*Work instruction*. Repeat the data word for word and skip the pictures.

*Data excerpt*.
_____
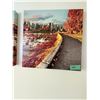 Image 1 : GROUP OF CITYSCAPE AND SUNSET BEACH PRINTS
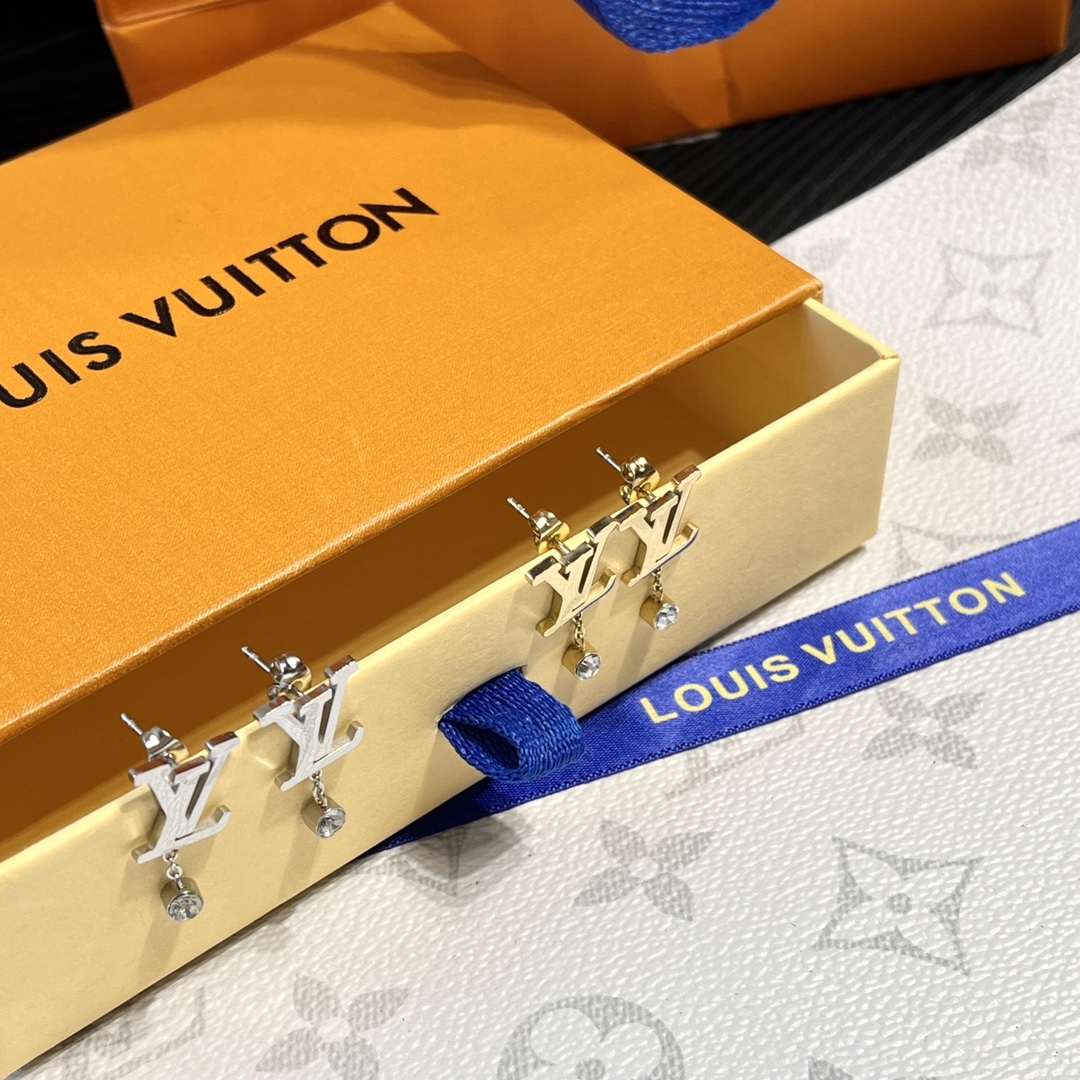 Replica LOUIS VUITTON Earring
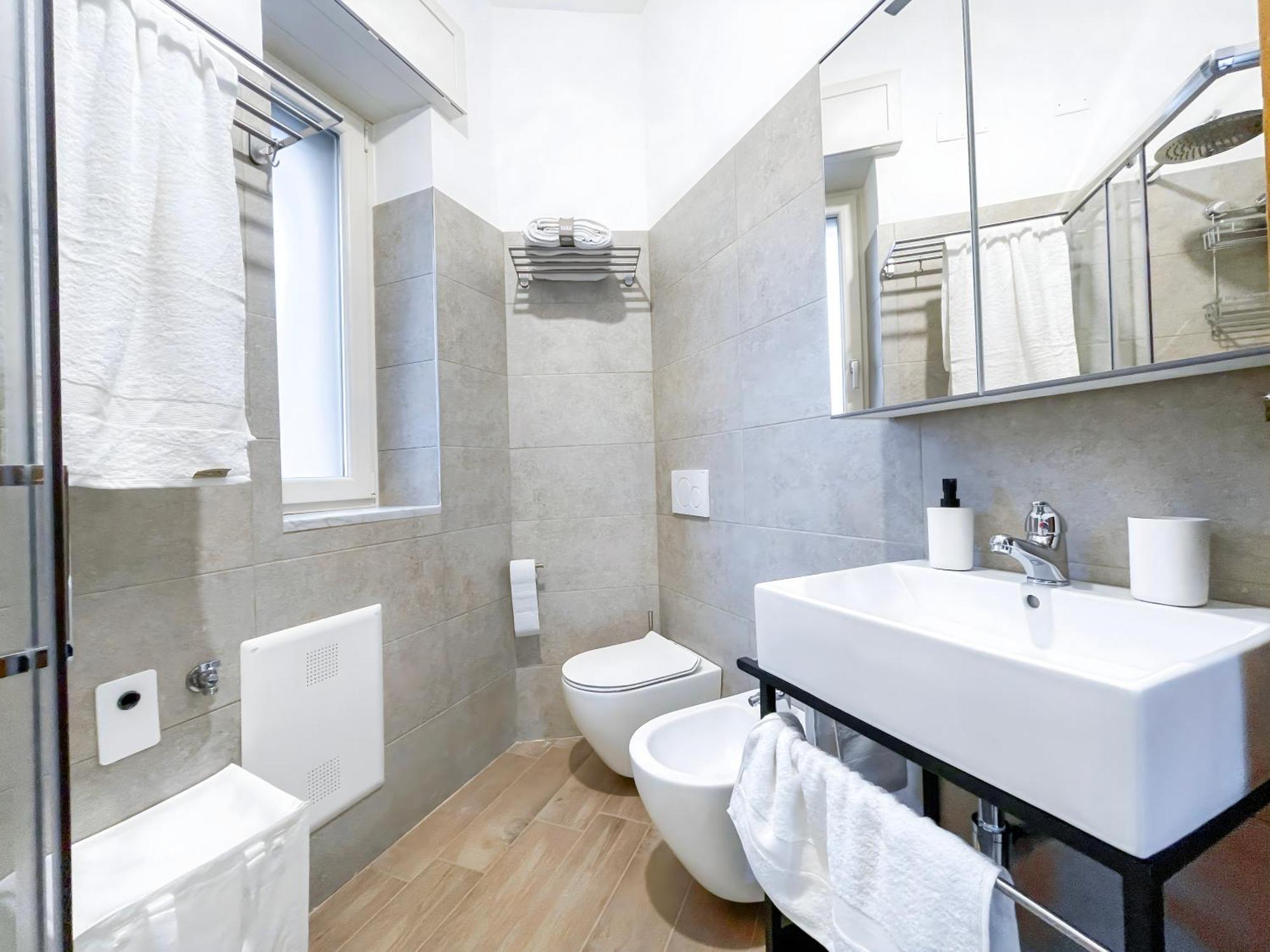 Casalina - Strategica E Accessoriata Apartment *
_____
*Problem solution*.
 Image 1 : GROUP OF CITYSCAPE AND SUNSET BEACH PRINTS
 Replica LOUIS VUITTON Earring
 Casalina - Strategica E Accessoriata Apartment *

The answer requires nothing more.